New research has found preparing land for palm oil plantations and the growth of young plants causes significantly more damage to the environment, emitting double the amount of greenhouse gases than mature plantations.
This is the first study to examine the three main greenhouse gas emissions across the different age stages of palm oil plantations. It was carried out by plant scientists from the University of Nottingham in the North Selangor peat swamp forest in Malaysia with support from the Salangor State Forestry Department. It has been published today in Nature Communications.
Palm oil is the most consumed and widely traded vegetable oil in the world. Global demand has more than tripled in the last eighteen years, from around 20 million tonnes in 2000 to over 70 million in 2018 and Malaysia is the world’s second largest producer.
The University of Nottingham researchers analysed five sites at four different stages of land use: secondary forest, recently drained but uncleared forest, cleared and recently planted young oil palm plantation and mature oil palm plantation.
Laboratory analysis of soil and gas from these sites showed that the greatest fluxes of CO2 occurred during the drainage and young oil palm stages with 50% more greenhouse gas emissions than the mature oil palms. These emissions also account for almost a quarter of the total greenhouse emissions for the region.
Tropical peat swamp forests hold around 20% of global peatland carbon. However, thecontribution of peat swamp forests to carbon storage is currently under threat from large-scale expansion of drainage-based agriculture including oil palm and pulp wood production on peatlands.
Draining peatlands increases the oxygen levels in the soil, which in turn increases the rate of decomposition of organic material, resulting in high CO2 emissions from drained peatlands. In addition to CO2, peatlands also emit the powerful greenhouse gases (CH4 and N2O8).
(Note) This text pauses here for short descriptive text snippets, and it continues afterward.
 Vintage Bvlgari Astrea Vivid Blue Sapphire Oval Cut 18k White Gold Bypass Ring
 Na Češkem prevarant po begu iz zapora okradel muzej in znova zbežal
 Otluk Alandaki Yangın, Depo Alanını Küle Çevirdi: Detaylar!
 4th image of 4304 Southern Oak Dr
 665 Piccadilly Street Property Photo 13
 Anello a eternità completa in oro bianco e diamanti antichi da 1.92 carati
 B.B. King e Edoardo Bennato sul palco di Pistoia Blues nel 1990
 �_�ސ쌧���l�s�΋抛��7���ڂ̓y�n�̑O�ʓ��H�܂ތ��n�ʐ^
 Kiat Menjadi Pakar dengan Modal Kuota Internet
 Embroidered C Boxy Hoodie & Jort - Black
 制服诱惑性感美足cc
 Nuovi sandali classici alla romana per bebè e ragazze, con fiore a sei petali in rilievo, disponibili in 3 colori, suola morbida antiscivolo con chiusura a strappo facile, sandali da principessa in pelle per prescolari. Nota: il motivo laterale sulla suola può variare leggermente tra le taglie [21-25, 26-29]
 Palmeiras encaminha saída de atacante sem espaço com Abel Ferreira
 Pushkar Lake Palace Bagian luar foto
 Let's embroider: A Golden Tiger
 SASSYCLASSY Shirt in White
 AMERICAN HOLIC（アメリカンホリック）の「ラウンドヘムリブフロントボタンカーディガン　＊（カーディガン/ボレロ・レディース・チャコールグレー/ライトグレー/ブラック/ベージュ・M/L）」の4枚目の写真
Tropical peat swamps have historically been avoided by palm oil growers due to the amount of preparation and drainage the land needs, but as land becomes more scarce there has been an increased demand to convert sites and the periphery of North Selangor is being heavily encroached upon by palm oil plantations. Our research shows that this conversion comes at a heavy cost to the environment with greater carbon and greenhouse gas emissions being caused by the early stages of the growth of palm oil.